INTERPRETATION OF COEFFICIENTS
coef(summary(model))
## Estimate Std. Error z value Pr(>|z|)
## (Intercept) 0.7438484 0.1212024 6.137241 8.396679e-10
## GenderMale -0.1811184 0.1348271 -1.343338 1.791625e-01
## family_history_with_overweightyes 1.7133389 0.1390349 12.323081 6.804383e-35
## SMOKEyes -1.1897537 0.3555183 -3.346533 8.182907e-04
INTERPRETATION: these results suggest that having a family history of overweight is a highly significant predictor of being “Obesed.” Smoking also has a significant effect, but it is less influential than family history. Gender, on the other hand, is not a statistically significant predictor in this model.
CONFIDENCE INTERVALS
confint(model)
## Waiting for profiling to be done...
## 2.5 % 97.5 %
## (Intercept) 0.5087846 0.98433048
## GenderMale -0.4462913 0.08267482
## family_history_with_overweightyes 1.4409213 1.98633706
## SMOKEyes -1.8637834 -0.46020529
INTERPRETATION: the confidence intervals provide a range of values within which we can be reasonably confident that the true coefficients lie. While the intercept, gender, and family history coefficients have intervals that do not include zero, indicating statistical significance, the gender coefficient’s interval crosses zero, suggesting non-significance. These results are consistent with the earlier interpretation of the coefficients.
The significant predictors are having a family history of overweight and smoking, which are positively and negatively associated with being “Obesed,” respectively. Gender does not appear to be a significant predictor in this model.
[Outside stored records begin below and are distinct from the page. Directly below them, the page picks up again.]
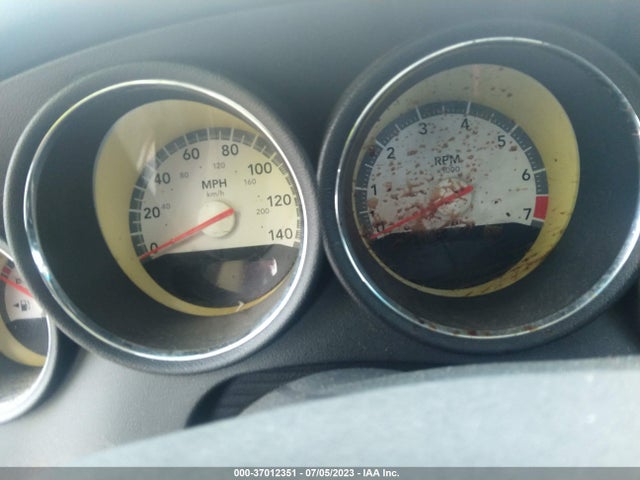 2008 DODGE CHARGER VIN: 2B3KA43RX8H215028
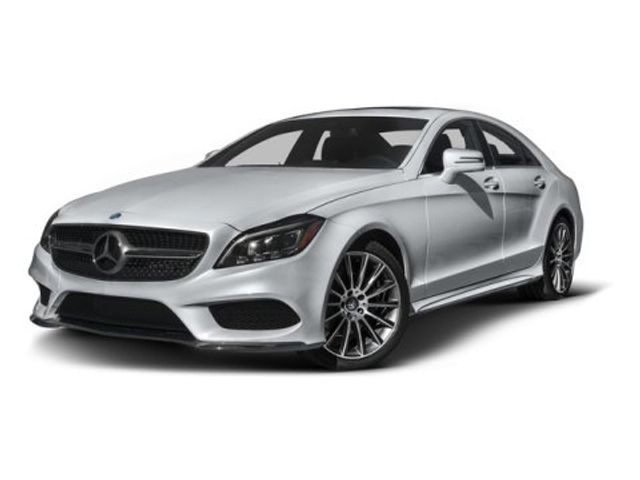 2016 Mercedes-Benz CLS 400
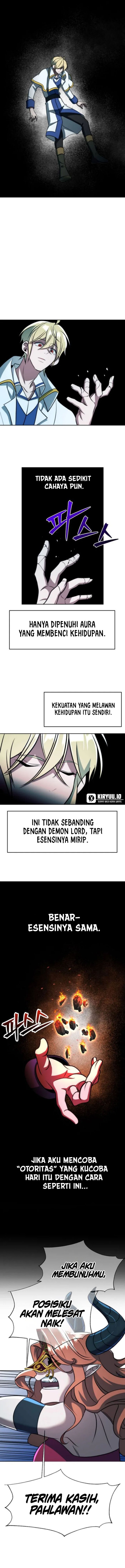 Archmage Transcending Through Regression Chapter 171 Bahasa Indonesia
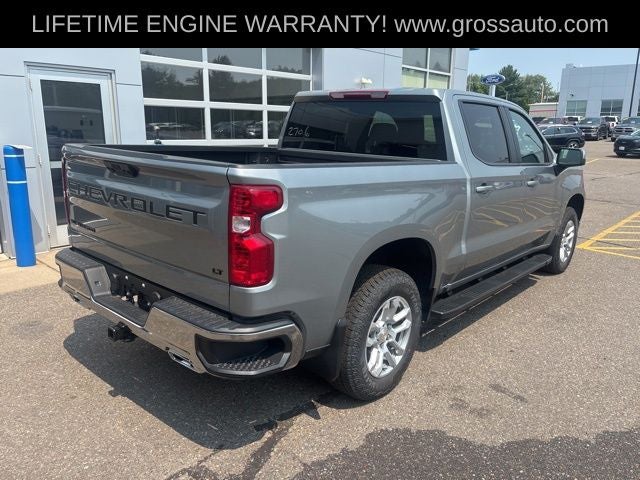 2026 Chevrolet Silverado 1500 LT LT1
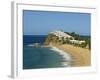 Curtain Bluff Hotel, Curtain Bluff, Antigua, Leeward Islands, West Indies, Caribbean-Lightfoot Jeremy-Framed Photographic Print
# Predict probabilities of the positive class (e.g., 1) using your model
predicted_probs <- predict(model, type = "response")
# Load the necessary library for 'pROC' if not already loaded
# install.packages("pROC") # Uncomment this line if the package is not installed
install.packages("pROC")
##
## The downloaded binary packages are in
## /var/folders/1t/lvl69_w12vj1sz_yxkxrvt7w0000gn/T//RtmpQgN2hf/downloaded_packages
library(pROC)
## Type 'citation("pROC")' for a citation.
##
## Attaching package: 'pROC'
## The following objects are masked from 'package:stats':
##
## cov, smooth, var
# Create a ROC object
roc_obj <- roc(Obesity$BinaryWeight, predicted_probs)
## Setting levels: control = 0, case = 1
## Setting direction: controls < cases
# Plot the ROC curve
plot(roc_obj, main = "ROC Curve")
# Calculate the AUC (Area Under the Curve)
auc_value <- auc(roc_obj)
cat("AUC:", auc_value, "\n")
## AUC: 0.6718626
# Confusion matrix
predicted_classes <- ifelse(predicted_probs >= 0.5, 1, 0)
conf_matrix <- table(Actual = Obesity$BinaryWeight, Predicted = predicted_classes)
print(conf_matrix)
## Predicted
## Actual 0 1
## 0 4 283
## 1 2 1822
# Calculate sensitivity and specificity
sensitivity <- conf_matrix[2, 2] / sum(conf_matrix[2, ])
specificity <- conf_matrix[1, 1] / sum(conf_matrix[1, ])
cat("Sensitivity:", sensitivity, "\n")
## Sensitivity: 0.9989035
cat("Specificity:", specificity, "\n")
## Specificity: 0.01393728
model shows promise in identifying positive cases (1s) but is less reliable in distinguishing negative cases (0s). Further model refinement may be needed to improve its overall performance.